Residualization of Risk Factors: Examples and Pitfalls

7 minute read

The most common approach to measuring portfolio (risk) factor exposures is linear regression analysis, which describes the relationship between a dependent variable - portfolio returns - and explanatory variables - factors - as linear.

One of the outputs of this analysis are the partial regression coefficients, also known as the betas ($\beta$). Each one of them measures the expected change in the portfolio returns associated with a change in one factor, holding all the other factors constant.

Problem is, factors are often correlated with one another in finance, so that holding all the other factors constant is not a realistic working assumption!

For example, in the Fama–French RM-RF, SMB and HML three-factor model original paper¹, the correlation between the factors RM-RF and SMB is 0.32 and the correlation between the factors RM-RF and HML is -0.38.

When such correlations exist, a change in one factor will actually spill over into all the other correlated factors,
making the textbook interpretation of the beta coefficients difficult to use in practice².

One possibility to solve this multicollinearity issue³, especially when there is only one problematic factor, is to use a mathematical trick called residualization.

This post will illustrate possible usages of residualization, using Portfolio Optimizer for the calculations.

Notes:

A fully functional Google sheet corresponding to this post is available here

An excellent primer on measuring portfolio factor exposures is Measuring Factor Exposures: Uses and Abuses, Ronen Israel and Adrienne Ross, The Journal of Alternative Investments Summer 2017, 20 (1) 10-25

This post is strongly inspired by the post Factor Exposure Analysis: Exploring Residualization from the guys at FactorResearch

Mathematical preliminaries

Consider a general linear regression model where $T \geq 1$ observations of a dependent variable $y$ are being regressed on $T$ observations of $m \geq 1$ explanatory variable(s) $x_1,..,x_m$:

\[y = X \beta + \epsilon\]

with:

$y \in \mathbb{R}^{T}$, the vector of the observations of the dependent variable
$X \in \mathbb{R}^{T \times (m+1)}$, the matrix of the observations of the explanatory variables $x_1,..,x_m$, plus a column of 1s representing the intercept
$\epsilon \in \mathbb{R}^{T}$, the error term

In this context, (fully) residualizing the explanatory variable $x_i, i \in {1..m}$ is done through the introduction of an auxiliary linear regression of $x_i$ on all the other explanatory variables⁴:

\[x_i = X_{-i} \delta + \eta_i\]

with:

$x_i \in \mathbb{R}^{T}$, the vector of the observations of the explanatory variable $x_i$
$X_{-i} \in \mathbb{R}^{T \times m}$, the matrix obtained after removing the column corresponding to the observations of the variable $x_i$ from the matrix $X$
$\eta_i \in \mathbb{R}^{T}$, the error term

By ordinary least squares estimation of $\delta$, the vector of residuals $ x_i - X_{-i} \hat{\delta} \in \mathbb{R}^{T}$ is orthogonal and uncorrelated⁵ to the $m-1$ vectors of observations of the explanatory variables $x_j, j = 1..m, j \neq i$.
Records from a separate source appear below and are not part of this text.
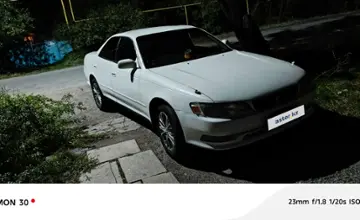 Toyota Mark II 1995 года за 2 100 000 тг. в Талдыкорган фото 4
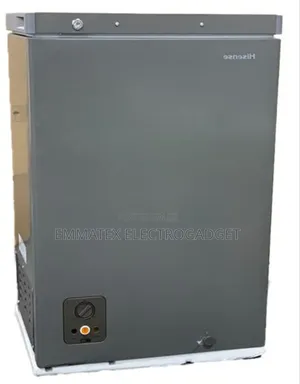 Chest Freezers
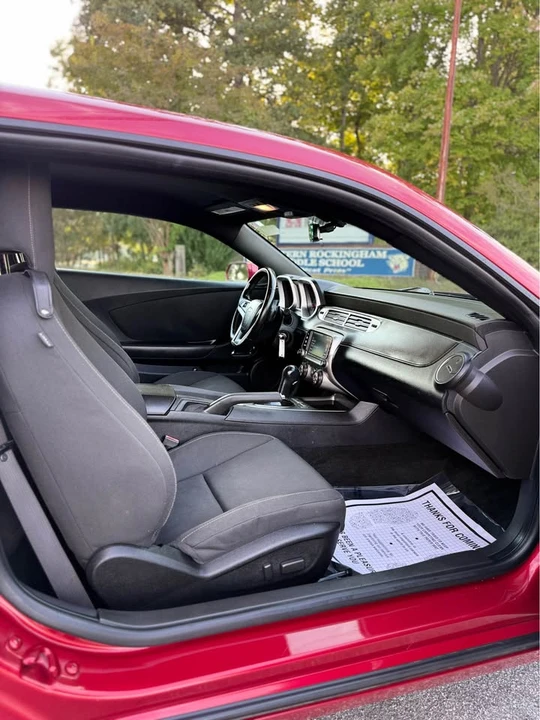 2013 Chevrolet Camaro 5th Gen - Image 14 of 17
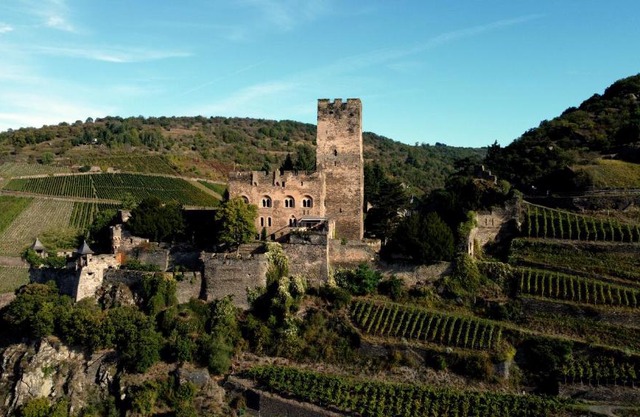 Burg Gutenfels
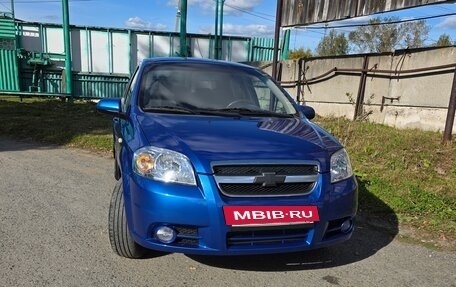 Chevrolet Aveo III, 2007 год, 540 000 рублей, 6 фотография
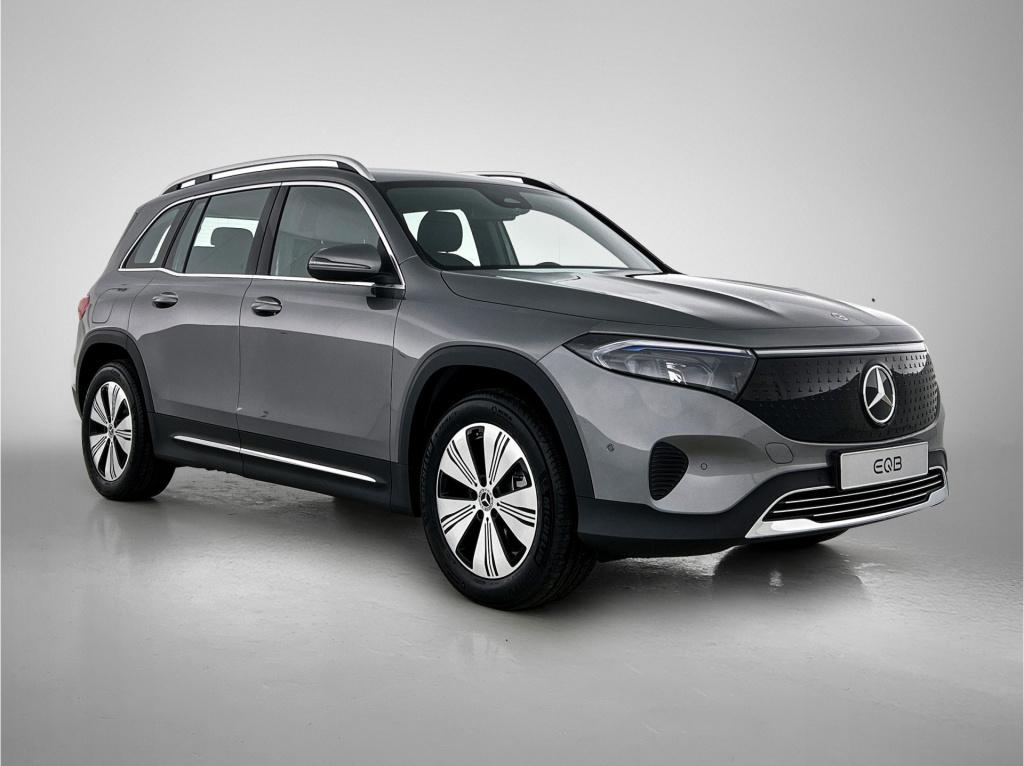 Mercedes-Benz Eqb 250+ business solution 71 kwh | parkeerpakket met achteru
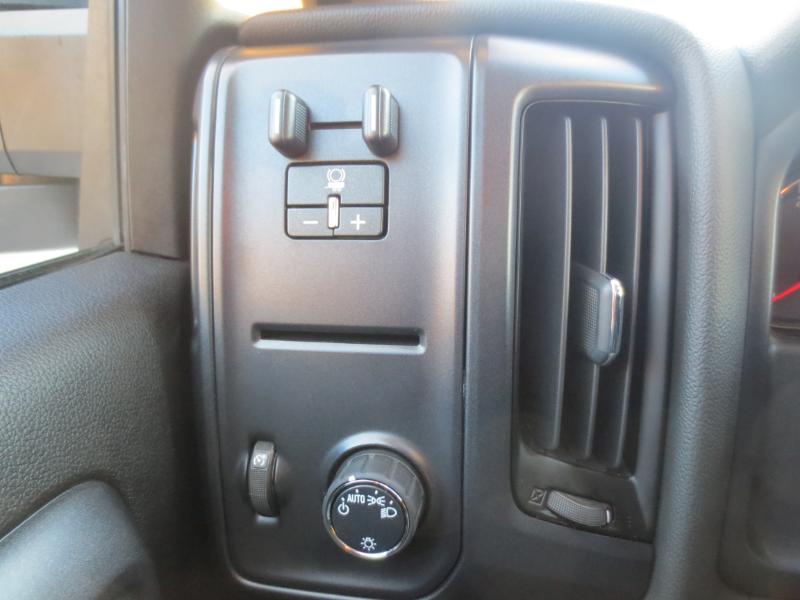 Chevrolet Silverado 3500HD Work Truck Crew Cab Long Box 4WD 2018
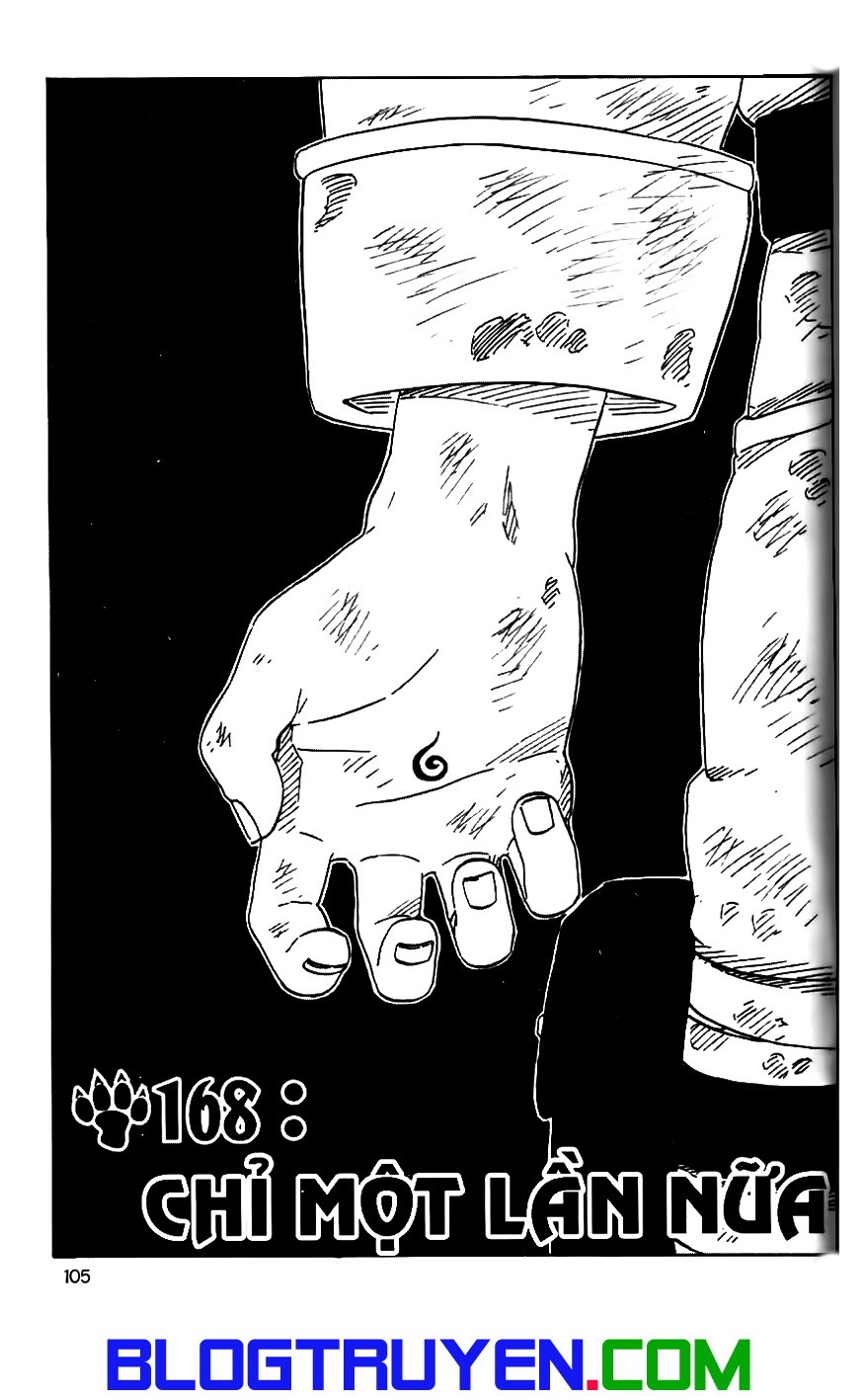 Naruto Chapter 168 - 1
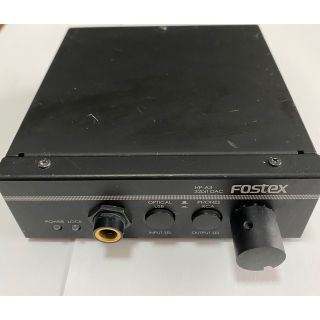 HP-A3 FOSTEX(アンプ)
This vector of residuals corresponds to the residualized variable $x_i$ and represents the part of the variable $x_i$ that cannot be explained nor predicted by any linear combination of the explanatory variables $x_j, j = 1..m, j \neq i$.

Usage in asset class analysis

One possible usage of residualization is to analyze the unique behaviour of a factor.

For example, let’s analyze the unique properties of the Europe equities asset class, considered as a factor, when removing the influence of US equities, Japan equities and Emerging Markets equities, like was done in the post of FactorResearch cited in introduction.

For this, I will use the daily closing prices⁶ of the corresponding ETFs over the period 2009/12/31 - 2021/05/28:

IEV, representing the Europe equities
SPY, representing the US equities
EWJ, representing the Japan equities
EEM, representing the Emerging Markets equities

From these prices, it is quite straightforward to residualize the returns of IEV on the returns of SPY, EWJ and EEM thanks to the Portfolio Optimizer endpoint /factors/residualization:

Then, rebasing the original and the residualized IEV returns to make them comparable gives the following performances graph, which matches nearly perfectly with the graph of FactorResearch⁷:

IEV: Original v.s. Residualized — Performances of IEV v.s. residualized IEV from 2009/12/31 to 2021/05/28

On this graph, the premium of being a European equity rather than a US, Japan or Emerging Markets equity clearly appears as negative over the whole observed period, and in nearly continuous erosion since 2014.

What to conclude?

First, if history repeats itself, any exposure of a portfolio to the European stock market to benefit from its idiosyncratic performances might be a drag on the portfolio returns, and should probably be avoided⁸.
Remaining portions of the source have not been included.